Chapter Tujuh - Perjanjian

3.1K 300 26
                                    

~Aku dan Kamu, yang entah kenapa ditakdirkan untuk bertemu.

-oOo-

Clair terlalu sibuk dengan ponselnya-karena dia tengah berusaha menghubungi orang tuanya-mengenai pernikahan yang baru saja disetujuinya.

Dalam hati ia merutuki kebodohannya. Bisa-bisanya dia mengatakan bersedia menikah dengan Azka.

Dia pikir jika dia menuruti permintaan Nyonya Sophia, beliau akan segera sembuh atau paling tidak kondisinya membaik. Tapi siapa yang menyangka bahwa segalanya sudah dipersiapkan oleh beliau?. Dia harus menikah saat ini juga.

“Clair?" panggilang itu sukses membuat Clair hampir melompat karena terkejut.

Dia menoleh dan mendapati Azka tengah memandangnya. Wajahnya pun tidak berbeda jauh dengannya. Azka terlihat frustasi sama sepertinya.

"Apa?" tanya Clair datar.

"Kita perlu bicara. Berdua." tegas Azka.

Clair menghela nafas pelan. Benar, dia perlu berbicara dengan pria itu. Clair kemudian menganguk dan mengikuti Azka. Mereka berjalan menuju kantin rumah sakit.

"Kau harus menolak pernikahan ini."

Clair terkejut, bahkan Azka tidak mencoba berbasa-basi terlebih dulu padanya. Atau paling tidak, biarkan dia memesan minuman sebentar, apa yang sudah terjadi beberapa saat lalu rupanya membuat Clair haus.

Dia butuh penenang terlebih dulu, karena itu dia kemudian berdiri akan memesan minuman.

"Kau mau kemana?" tanya Azka cepat. "Kau tidak akan memutuskan lari begitu saja bukan?"

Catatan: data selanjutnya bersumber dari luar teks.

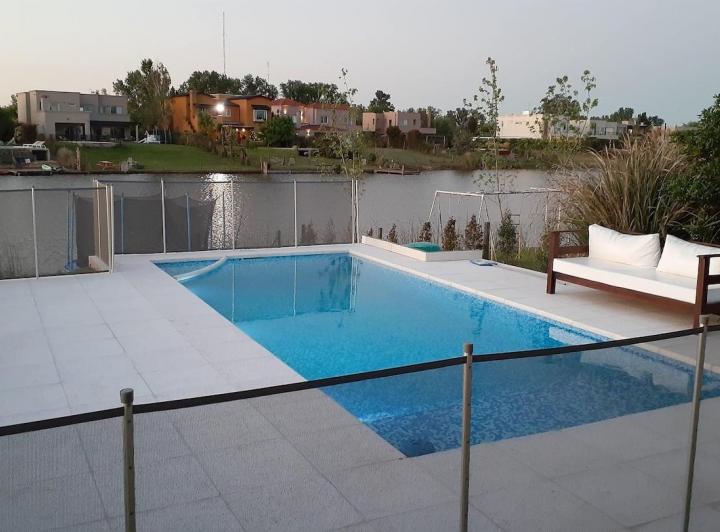Casa · 380m² · 6 Ambientes · 2 Cocheras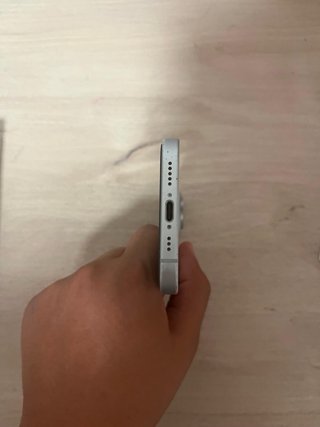 iPhone 15 256GB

Pertanyaan itu membuat Clair kesal. "Aku hanya ingin pesan minuman. Aku haus." jawab Clair berdecak sebal.

"Ah... Pesankan aku juga ya." ucap Azka dengan tersenyum. Clair melotot pada pria itu dengan kesal. Baru saja pria itu menuduhnya akan kabur dari masalah yang tengah mereka hadapi tapi dengan santainya pria itu meminta Clair memesankan minuman juga untuknya.

Clair berpikir akan menghabiskan waktu jika ia harus mengomel sekarang. Pada akhirnya dia beranjak dan memesan minuman juga, untuk dirinya dan juga pria itu.

Setelah minuman sudah datang dan Clair langsung menghabiskannya, mereka mulai pembicaraan serius.

“Jadi kau ingin aku menolak permintaan ibum ? Setelah aku menyetujuinya?.” tanya Clair. Dia mencoba mengingatkan Azka bahwa dirinya sudah terlanjur menyetujuinya.

“Kau bisa bilang bahwa kau berubah pikiran.”

Clair tersenyum kecut. “Kenapa tidak kau saja yang menolaknya?” tanya Clair menuntut.

“Jika aku sebagai putranya yang menolak, itu akan menyakiti hati ibuku dan akan mempengaruhi kondisi kesehatannya.” jelas Azka mencari alasan. Tidak, sebenarnya pria itu tidak mencoba mencari alasan, memang begitu adanya. Jika sebagai putranya ia menolak permintaan ibunya, jelas itu akan membuat ibunya bersedih dan membuat kondisi beliau menurun, hal itu bisa berakibat fatal nantinya.

Clair mengerti, tapi dia tetap tidak mau kalau harus dirinya yang menolak pernikahan itu.

Wanita itu menghela nafas panjang.

“Kau tidak mau menolak permintaan ibuku?. Kau menginginkan pernikahan ini?” Azka mulai mencurigainya. Pria itu mulai berpikir kalau Clair memang ingin menikah dengannya.

“Jangan bilang kalau kau menyu-”

“Tidak !” sanggah Clair cepat. “Aku tidak menyukaimu dan aku juga tidak ingin menolak permintaan Nyonya Sophia.” jawab Clair dengan tegas.